By Gaurav Shukla, Gaingongmei Gangmei
Tikam Chand is no ordinary photgrapher, his camera makes him distinct from others.
Riding on his rusty bicycle, he navigates past a group of pedestrians in chaos of old Jaipur and finally reaches his open air studio near City Palace. Immediately after arriving, he unties his prized possession a 20-kg ‘Box Camera’ that took its first photograph sometime around 1865. Ever since then, the camera has obediently followed the orders of its subsequent owners, first Tikam Chand’s grandfather, then his father and now himself.

As he talks to us, his first customer has arrived. 45-year-old Jatin Kumar, a daily wage laborer needs a passport size photograph for some court work. He will pay only Rs 50 to get his four B&W photographs clicked and printed in just 5 minutes.

“Technology has made us lazy, taking photographs used to be an art. Now the thinking has disappeared and all they do is click,” 42-year-old photographer explains. “Digital cameras can never give you such joy,” he adds.Clicking a photograph with this ancient camera looks so interesting you can just stand there and watch him as he starts his work. How he adjusts the camera’s focus by sliding the ancient Carl Zeiss lens back and forth along a track before ducking beneath a large piece of cloth at the back to slide the photo paper behind a glass plate.

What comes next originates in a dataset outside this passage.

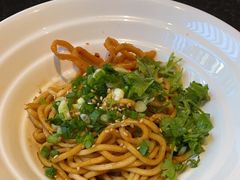 -鱼鲜饭香·招牌汽锅剁椒鱼头王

The shutter release button has been an integral part of camera for long is nowhere to be seen here. Tikam Chand just removes the lens cap for one or two seconds to expose the photo paper to make an image. Then he comes back under the coverings, sticking his hand in tubes made of a blue jeans leg to shift the paper from developing chemicals into the fixer, then into a plastic bucket to rinse off the chemicals.

The image made after all this will dampen you spirits, its just a negative image and he will have to shoot this negative to make it positive by going over the same process once again.
His clientele includes locals as well as tourists from Russia and Thailand. He’s out here every day, shouting, calling tourists to get their photos clicked. On a bad day he’ll earn nothing, on a good day it’s up to Rs 500.

The story of this box camera and how his family got it has almost become a part of the forgotten past now. All he knows is that, his grandfather somehow received the camera as a gift from the royal family. For the last three decades, this camera has been the sole bread earner for him, his wife and two sons.Will either of his sons, aged 6 and 11, go into this business? “They only like the new stuff, cell phones and computer games etc.” he says. “I guess it will probably end with me.”